-------- DATA SUPPLIED

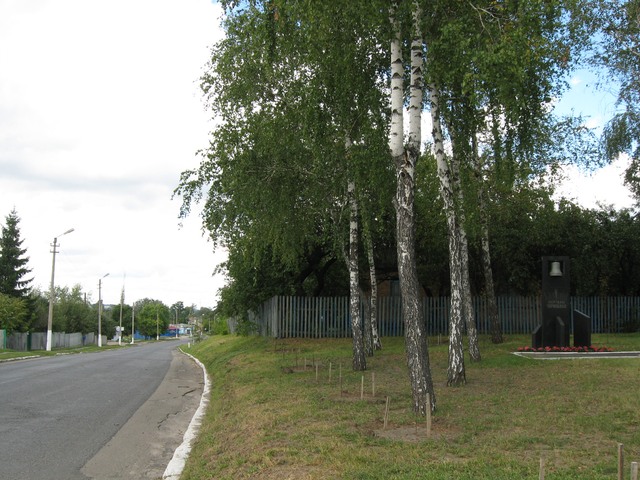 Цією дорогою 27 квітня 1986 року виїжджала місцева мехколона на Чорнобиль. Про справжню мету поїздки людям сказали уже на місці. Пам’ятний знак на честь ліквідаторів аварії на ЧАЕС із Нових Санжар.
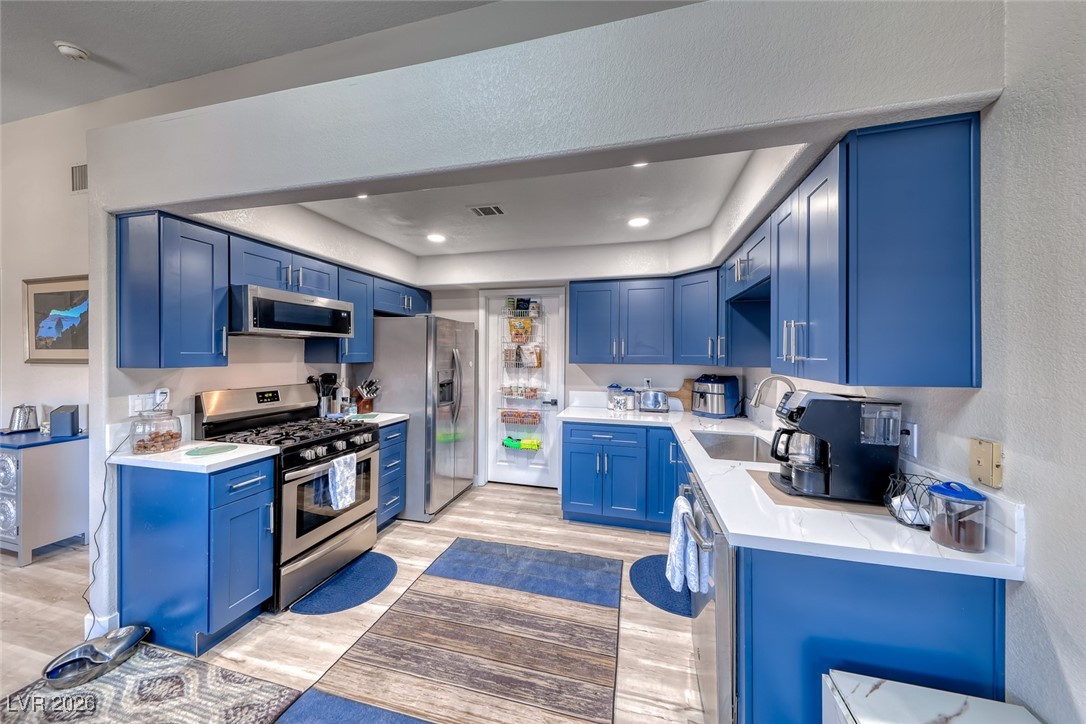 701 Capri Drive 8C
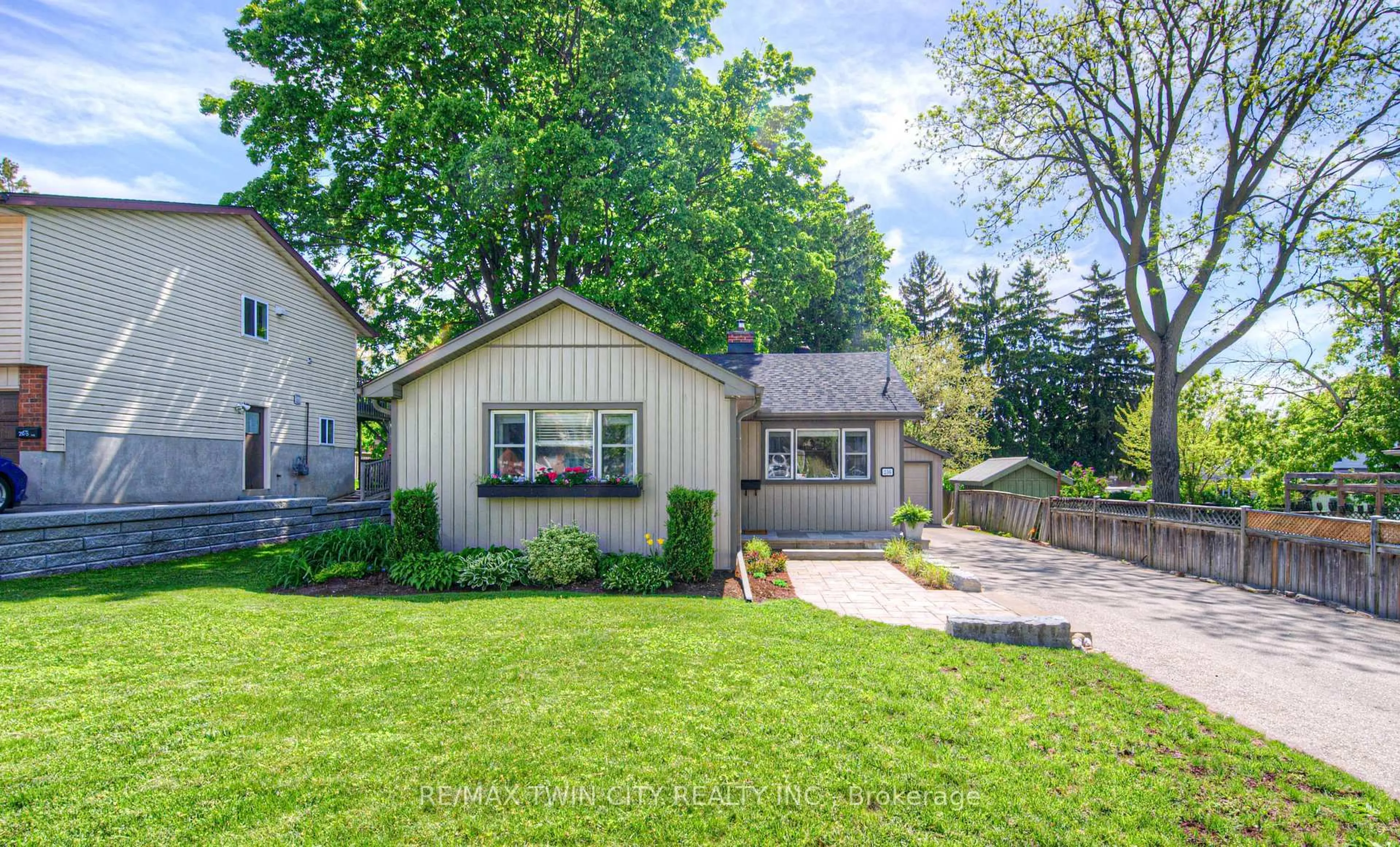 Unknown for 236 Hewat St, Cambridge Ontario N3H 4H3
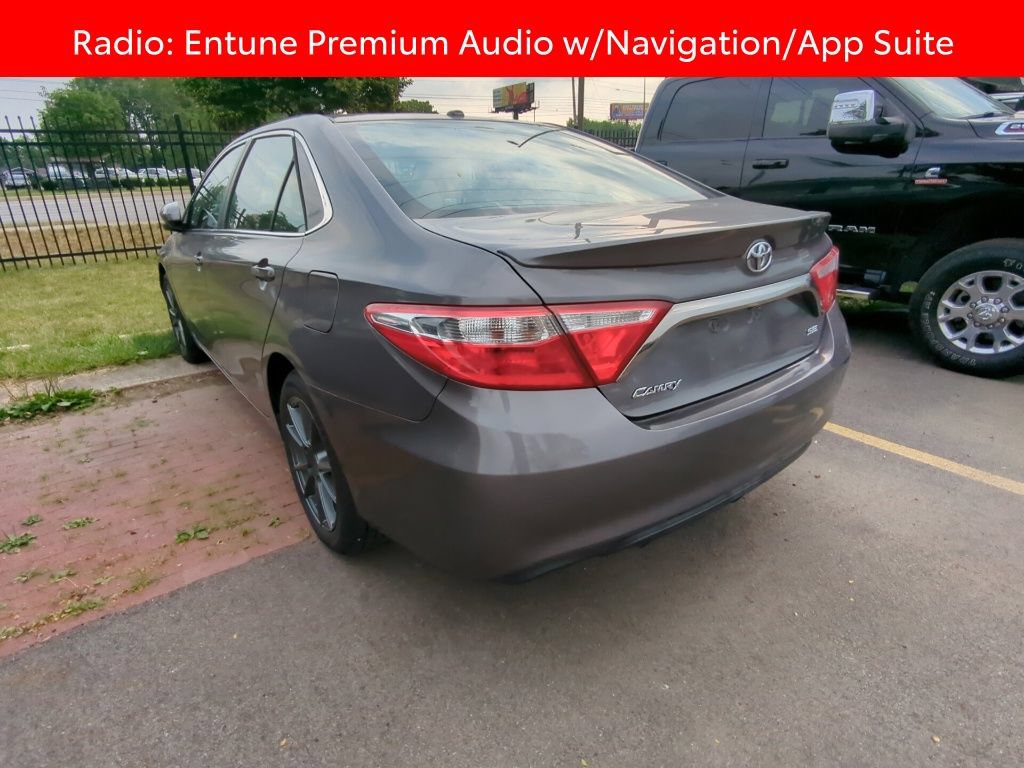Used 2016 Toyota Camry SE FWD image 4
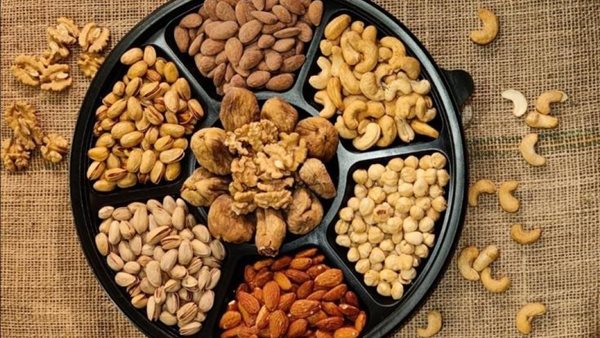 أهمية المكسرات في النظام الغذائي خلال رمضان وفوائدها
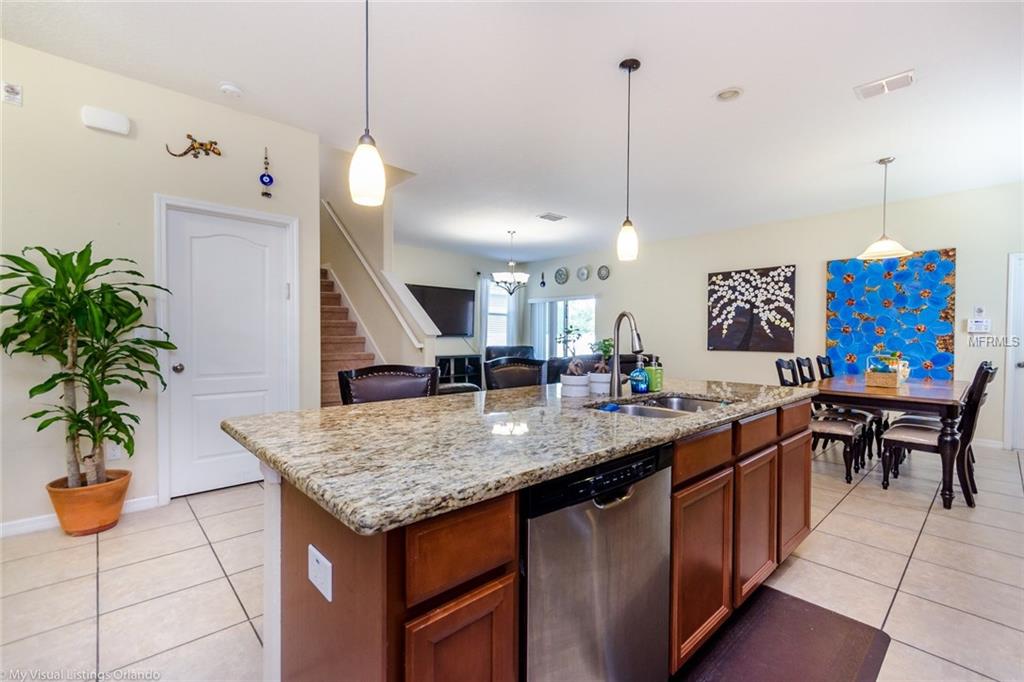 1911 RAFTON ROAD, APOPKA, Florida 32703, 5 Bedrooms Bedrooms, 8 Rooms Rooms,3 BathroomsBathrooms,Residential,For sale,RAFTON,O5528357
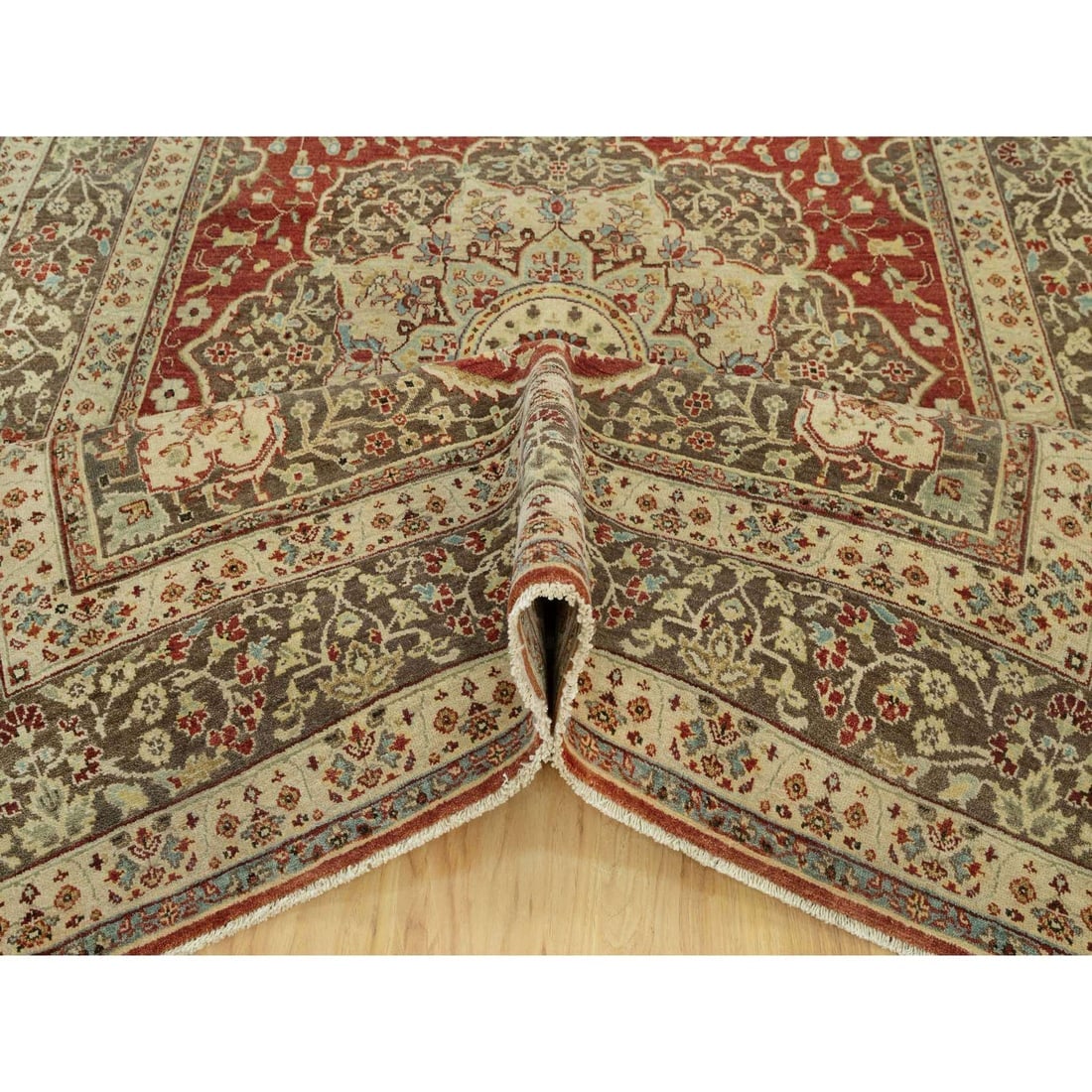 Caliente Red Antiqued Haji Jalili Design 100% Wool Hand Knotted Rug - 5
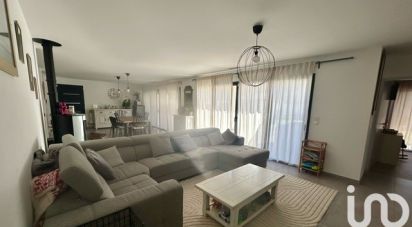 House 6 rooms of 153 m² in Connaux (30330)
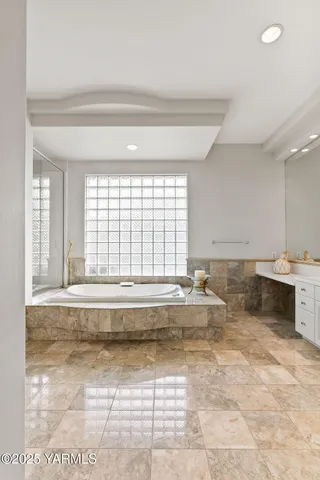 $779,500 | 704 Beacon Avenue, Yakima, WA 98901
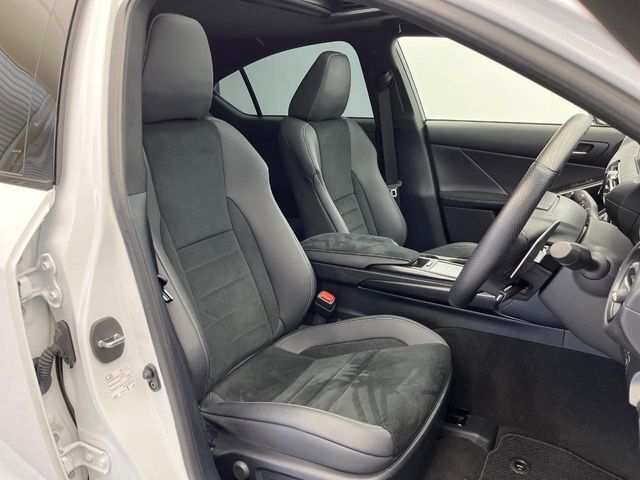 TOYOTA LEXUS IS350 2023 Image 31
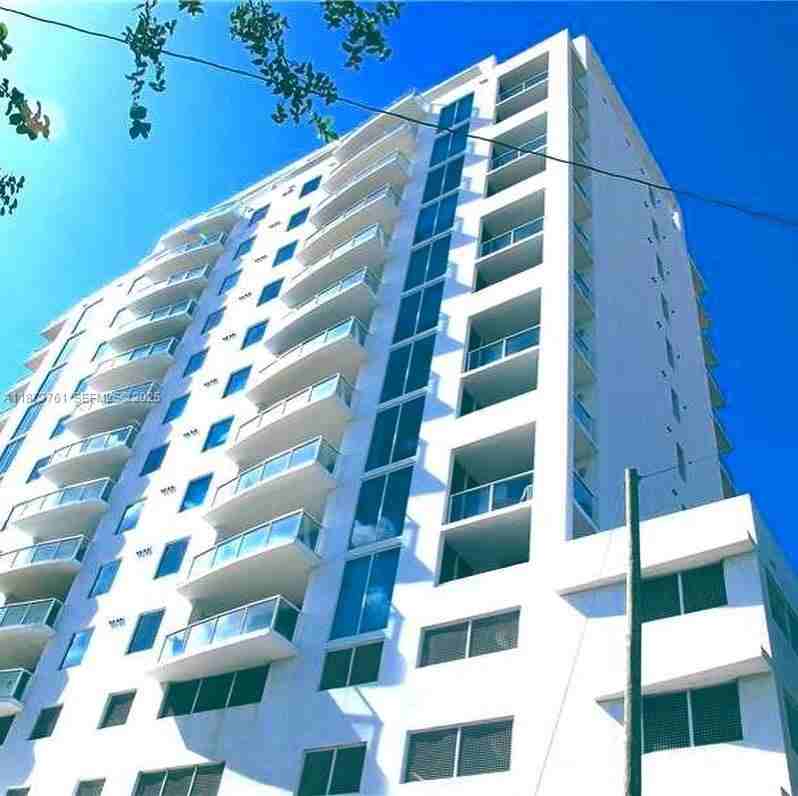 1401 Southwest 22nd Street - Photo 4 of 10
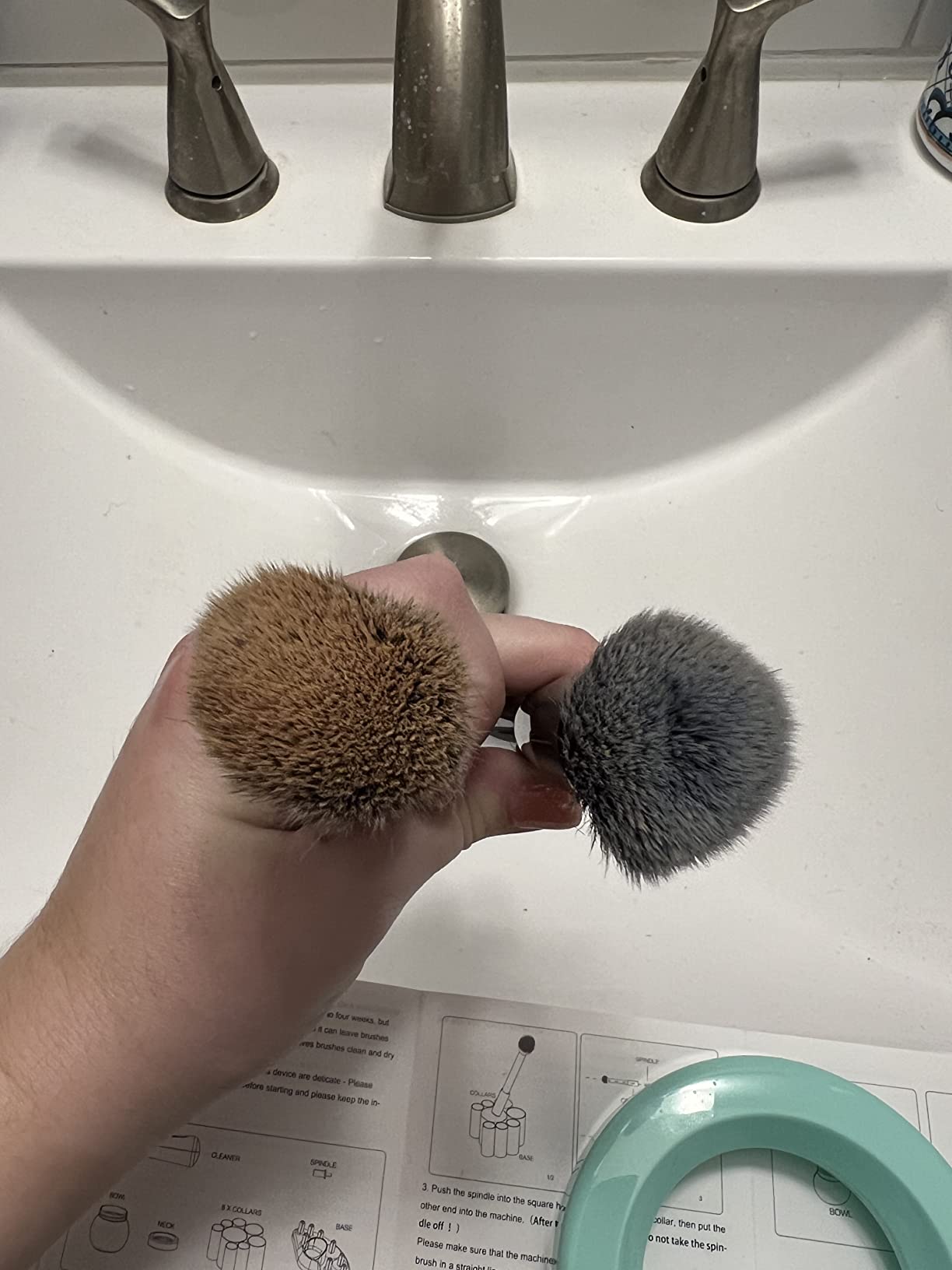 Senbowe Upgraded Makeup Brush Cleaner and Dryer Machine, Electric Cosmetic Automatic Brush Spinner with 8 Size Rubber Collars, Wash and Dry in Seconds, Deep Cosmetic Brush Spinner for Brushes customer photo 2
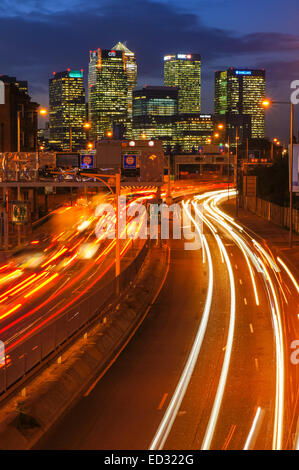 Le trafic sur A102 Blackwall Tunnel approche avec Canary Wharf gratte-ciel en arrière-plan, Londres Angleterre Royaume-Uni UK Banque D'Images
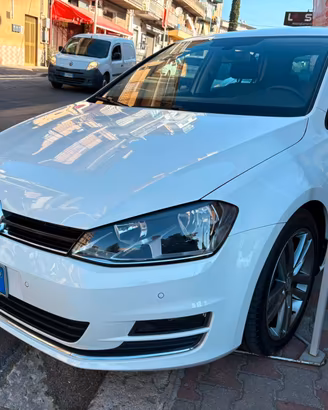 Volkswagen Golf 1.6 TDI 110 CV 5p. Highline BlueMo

----------------

◆ **WHAT THE TASK ASKS**
Without any pictures, output exactly the lines from the start of the material through the line that contains "أهمية المكسرات في", and only those.

◆ **THE ANSWER**
 Цією дорогою 27 квітня 1986 року виїжджала місцева мехколона на Чорнобиль. Про справжню мету поїздки людям сказали уже на місці. Пам’ятний знак на честь ліквідаторів аварії на ЧАЕС із Нових Санжар.
 701 Capri Drive 8C
 Unknown for 236 Hewat St, Cambridge Ontario N3H 4H3
Used 2016 Toyota Camry SE FWD image 4
 أهمية المكسرات في النظام الغذائي خلال رمضان وفوائدها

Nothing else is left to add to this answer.